Wenn schon ein neues Finanzinstrument eingeführt werde, das mehr Autonomie und Selbstständigkeit ermögliche, dürfe das niemanden vorenthalten werden. «Uns stört, dass geistig Behinderten der Weg zum eigenständigen Leben versperrt wird.» In der Schweiz leben 50 000 Personen mit einer geistigen Behinderung. Nur wenige führen einen eigenen Haushalt. Dabei wäre das laut Heidi Lauper durchaus möglich. Doch bräuchten sie jemanden, der sie lebenspraktisch begleitet. Damit sie etwa die Kleider regelmässig wechseln, sich duschen oder richtig ernähren. Es sei leider eine «diskriminierende Assistenzvorlage» zu erwarten, befürchtet auch Ursula Schaffner. Sie ist bei Agile, der Behinderten-Selbsthilfe Schweiz, für sozialpolitische Fragen zuständig. Das vorliegende Assistenzmodell sei weitgehend den Körperbehinderten vorbehalten und «sabotiere die Selbstbestimmung und damit auch die Eingliederung» anderer Behindertengruppen. «Die IV funktioniert nach dem Versicherungsprinzip und muss deshalb für alle gelten», verlangt Ursula Schaffner. Besonders stossend sei es, Kinder und Jugendliche von diesem Angebot auszuschliessen. «Integration beginnt im Kindesalter, zum Beispiel beim Besuch der Regelschule.»

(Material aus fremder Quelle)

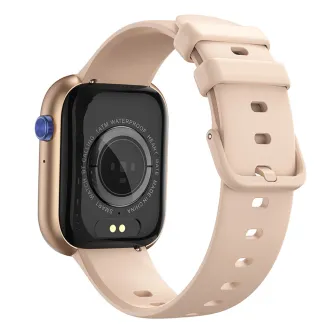 Pametni satovi - Kronos 3 Pro Smart Watch Starlight Gold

Auch Katharina Kanka von Fassis fordert, dass alle 38 000 Personen, die eine Hilflosenentschädigung der IV beziehen, die persönliche Assistenz beanspruchen können, also auch die 7000 Minderjährigen. Denn diese müssten von klein auf lernen, selbstständig zu denken und zu handeln. «Wer immer im Heim betreut wird, wird sich kaum getrauen, später selbstständig in der eigenen Wohnung zu leben.» Das gilt insbesondere auch für Lehrlinge und Studierende. Wer allzu lange im geschützten Rahmen aufwächst, hat später auf dem ersten Arbeitsmarkt kaum eine Chance.

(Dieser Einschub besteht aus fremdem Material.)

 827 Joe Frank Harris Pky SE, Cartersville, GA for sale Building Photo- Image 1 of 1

Assistenz muss kostenneutral sein

Doch der Bundesrat will die persönliche Assistenz kostenneutral einführen und hat deshalb den Zugang auf mündige Erwachsenen beschränkt. Sie seien am ehesten in der Lage, selbstständig und eigenverantwortlich zu leben. Eine gesamtschweizerische Einführung des Pilotversuchs Assistenzbudget als Maximalvariante würde die IV brutto bis zu einer halben Milliarde Franken kosten, sagt Peter Eberhard vom Bundesamt für Sozialversicherungen. Gleichzeitig würden die Heime nicht so stark entlastet, um die Mehrkosten bei der IV auszugleichen. Die Angst vor den Mehrkosten sei übertrieben, findet Katharina Kanka von Fassis. «Zu Beginn werden wohl 1000 Personen die Assistenz beanspruchen, später werden es vielleicht 4000 sein.»

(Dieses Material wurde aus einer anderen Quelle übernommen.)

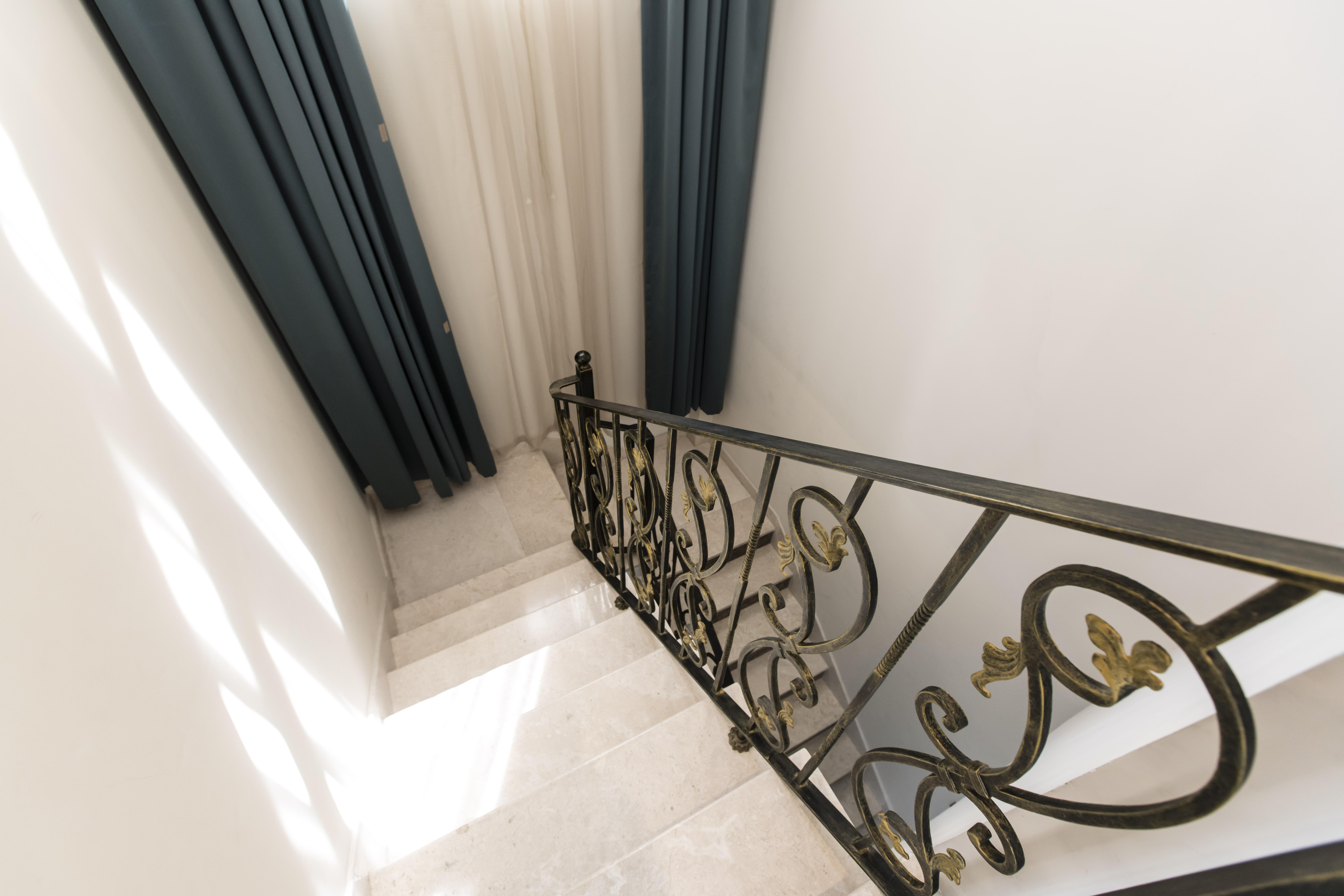 Marmara Hotel Apartments Dubai Exterior photo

Geistig Behinderte und Minderjährige sollen allerdings nicht a priori von der Assistenz ausgeschlossen werden. Nach einem Kompromissvorschlag, den Katharina Kanka für tauglich hält, sollen auch sie in Ausnahmefällen dieses Recht in Anspruch nehmen dürfen. Die Behindertenorganisationen sind damit nicht zufrieden. «Wir beanspruchen die Assistenz ohne Einschränkung für alle Behinderten», sagt Heidi Lauper von Insieme Schweiz.